The term monogenēs is found nine times in the New Testament; of these, five are Christological, that is, attributed to Christ as God’s only Son (John 1:14, 18; 3:16, 18; 1 John 4:9). Traditionally, the term as applied to Christ was rendered unigenitus in Latin or “only begotten” in English as far back as Wycliffe and Tyndale. But in the 20th century, a scholarly consensus emerged that the term in the New Testament means “only one of his kind” or “unique,” not “only begotten.” As a result, just about all modern English versions, with only a few exceptions (MEV, NASB 1995, NKJV, LSB), have dropped “begotten” from their translations, leaving “only” (ESV, CEB, CEV, NASB 2020, NRSV, RSV) or “one and only” (CSB, NCV, NET Bible, NIV, NLT). In 1953, Dale Moody fingered Jerome as the culprit responsible for introducing the innovative rendering unigenitus, which Moody saw as a tendentious rendering, contrary to the authentic meaning of monogenēs as “unique” and designed to insert Trinitarian dogma into the Bible. Contra Moody, I argue that the Latin speaking church understood monogenēs as unigenitus (which itself was understood to mean “only begotten”) from the very beginnings of Latin Christian literature. This understanding is practically universal, from Tertullian to Augustine. The Old Latin witnesses at John 1:14, 18 support the rendering unigenitus, a reading that pre-dated Jerome and which he left unchanged in his editorial work on the Latin Gospels. Latin theologians commented on the meaning of unigenitus and understood it to mean “only begotten.” The conclusion is that the traditional rendering “only begotten” in the English Bible traces back (through Wycliffe) to the very beginnings of Latin Christianity and is thus not a late dogmatic innovation of Jerome.
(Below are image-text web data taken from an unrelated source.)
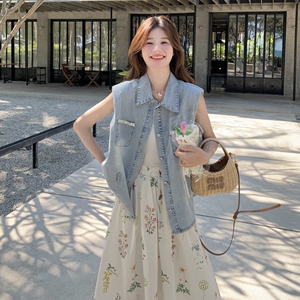 显瘦牛仔马甲碎花温柔女无袖A字裙韩系时尚气质高腰半身裙两件套图片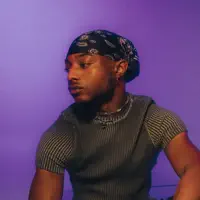 undefined dinle, müzik videolarını izle, biyografisini oku, tur tarihlerini ve daha fazlasını gör!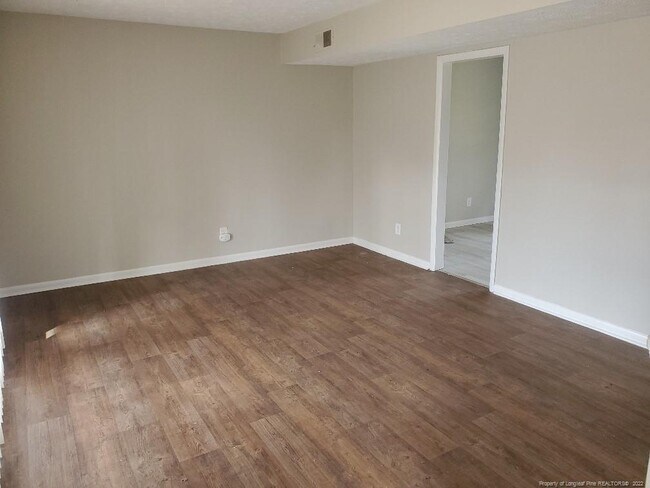 Foto del edificio - 6479 Green Meadow Rd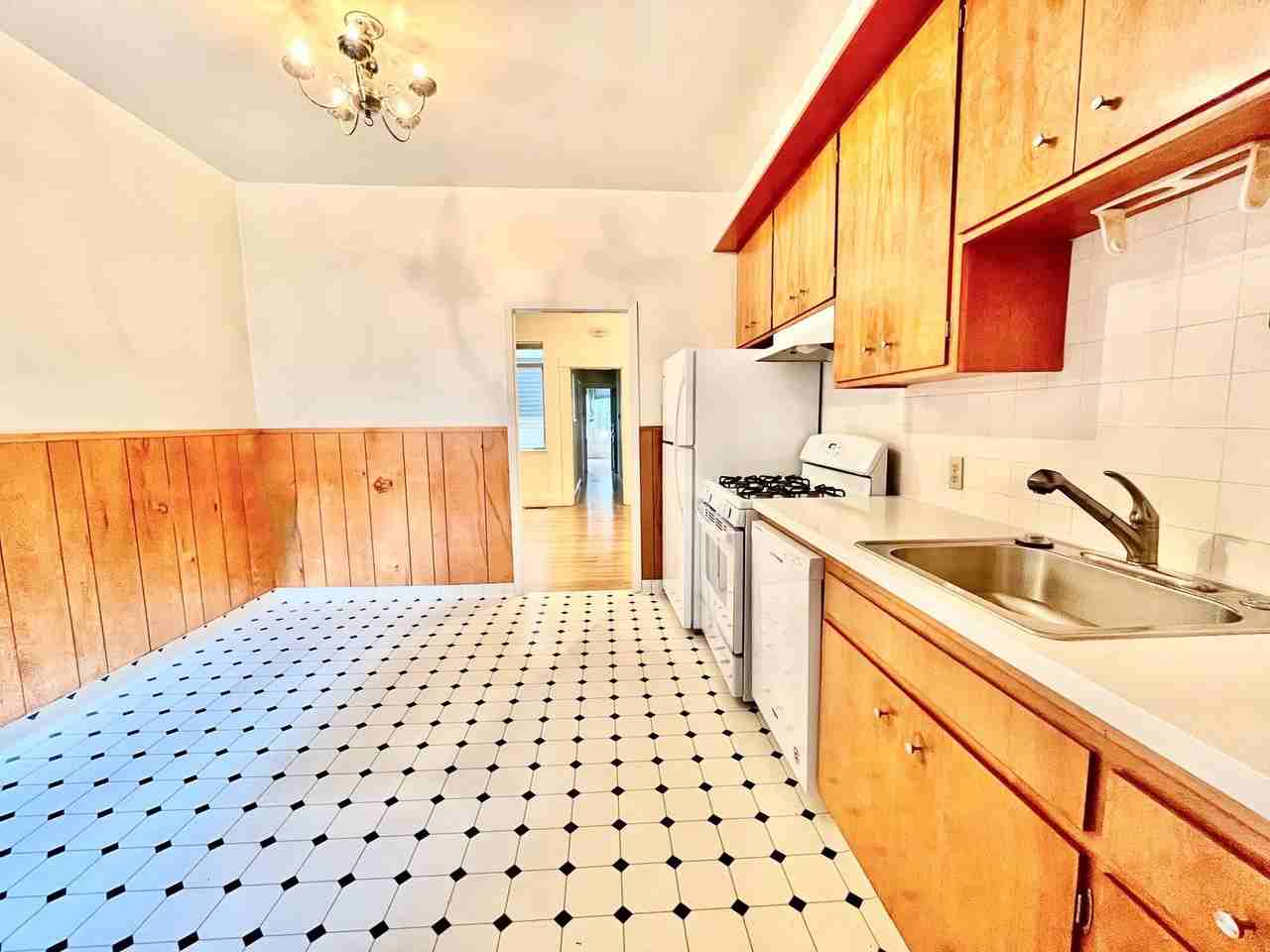 1951A Filbert St - Photo 5 of 14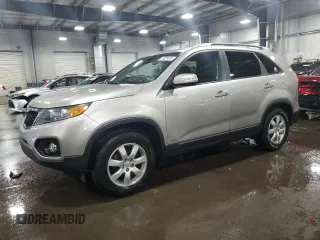 2013 Kia Sorento LX z VIN 5XYKTDA63DG351687, wystawiony jako Copart lot #59028485 z przebiegiem 132 723 mil mil oraz Szkoda całkowita • Salvage title. Historia ofert i sprzedaży dostępna na DreamBid. Obrazek 1.
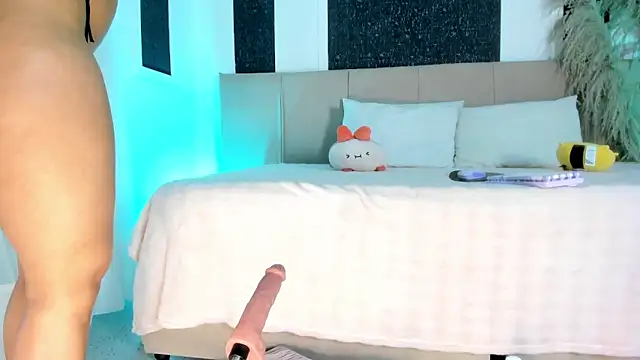 Alaia Manson online show from 25, 2, 2026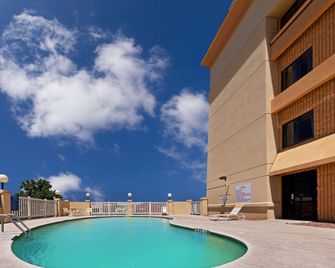 La Quinta Inn & Suites by Wyndham El Paso West Bartlett - El Paso - Piscina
6 thoughts on ““Only Begotten” in Early Latin Christianity”

  1. I agree that it appears to be
    I agree that it appears to be an excellent paper but I am not sure about its fit in our section – but open to discussion on that front!

  2. highly technical textuality
    The tie of the translation to the Old Latin tradition is good. The details constructing the thesis are good, but the technical manuscript element is compete with the theological elements. Reviewers above are right–this belongs in a textually-oriented section.